Building on past research that demonstrated a transformer-based language model’s ability to predict adsorption energy solely relying on human-readable text without preprocessing, researchers in Carnegie Mellon University’s Department of Mechanical Engineering developed a methodology to enhance the model by using multimodal learning.

A chart showing how the relaxed structure can have fine-tuning and graph-assisted pretraining

The training process consists of two steps: graph-assisted pretraining and energy prediction fine-tuning.

“When it comes to chemical data, by integrating different modalities, we can construct a comprehensive view. Inspired by this, we used multimodal learning to improve the performance of the predictive language model,” explained Janghoon Ock, Ph.D. candidate in Amir Barati Farimani’s lab.

Their approach facilitates connections between different model setups and enhances the language models’ ability to complete prediction tasks without task-specific labels.

The self-supervised process, called graph-assisted pretraining, reduces the mean absolute error of energy prediction for adsorption configurations by 7.4-9.8%.

Published in Nature Machine Intelligence, the methodology also incorporates a generative language model into the framework to bypass the required structure information. With this, the researchers enable the framework to predict the initial energy estimates without relying on atomic coordinates.

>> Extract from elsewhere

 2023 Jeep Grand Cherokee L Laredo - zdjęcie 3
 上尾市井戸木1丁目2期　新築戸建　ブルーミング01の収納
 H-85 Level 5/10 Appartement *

My ultimate goal is to build accessible and interactive methodologies that non-computational scientists can use.

Janghoon Ock, Ph.D. candidate, Chemical Engineering

“My ultimate goal is to build accessible and interactive methodologies that non-computational scientists can use,” said Ock. “LLM can be a key to achieve that accessibility and interactiveness. While it’s not the case right now, we are moving in the right direction.”

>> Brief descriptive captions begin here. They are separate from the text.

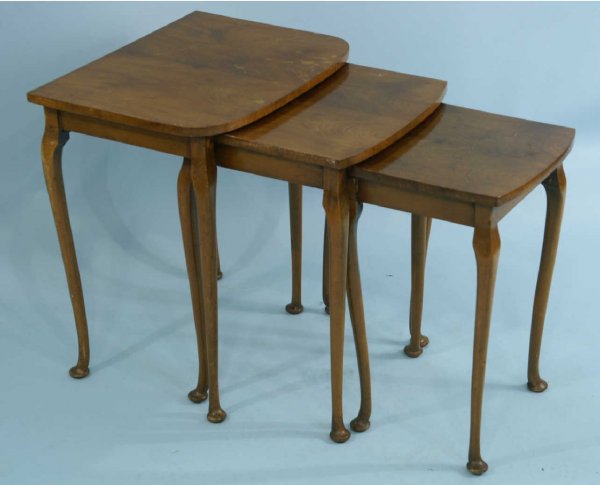 THREE PIECE NESTING TABLES AND A ROUND LAMP TABLE - 5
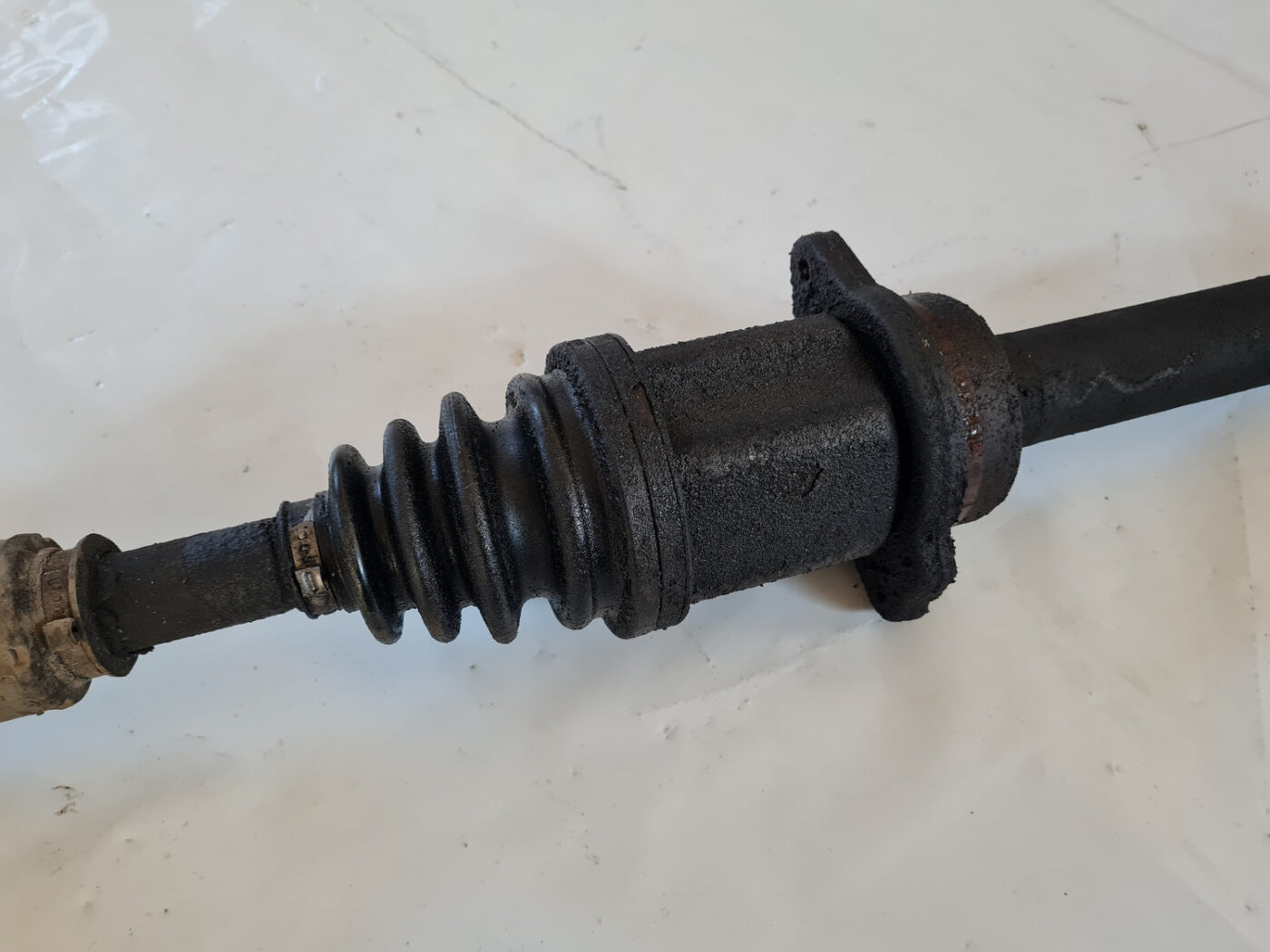 Pusass priekšēja labā priekš TOYOTA AVENSIS 2007 UNIVERSAL 6 Pusass priekšēja labā priekš TOYOTA AVENSIS 2007 UNIVERSAL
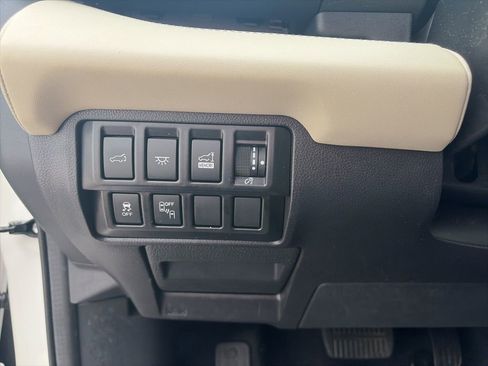 Used 2021 Subaru Ascent Limited w/ Technology Package AWD/4WD image 13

“Being able to produce energy estimates with just chemical symbols and surface orientations is a leap forward for accessible ML models,” emphasized Barati Farimani, associate professor of mechanical engineering.

The team aims to develop a more comprehensive language-based platform for catalyst design in the future by incorporating additional functional tools, and equipping the platform with reasoning and planning capabilities in an agent-like framework.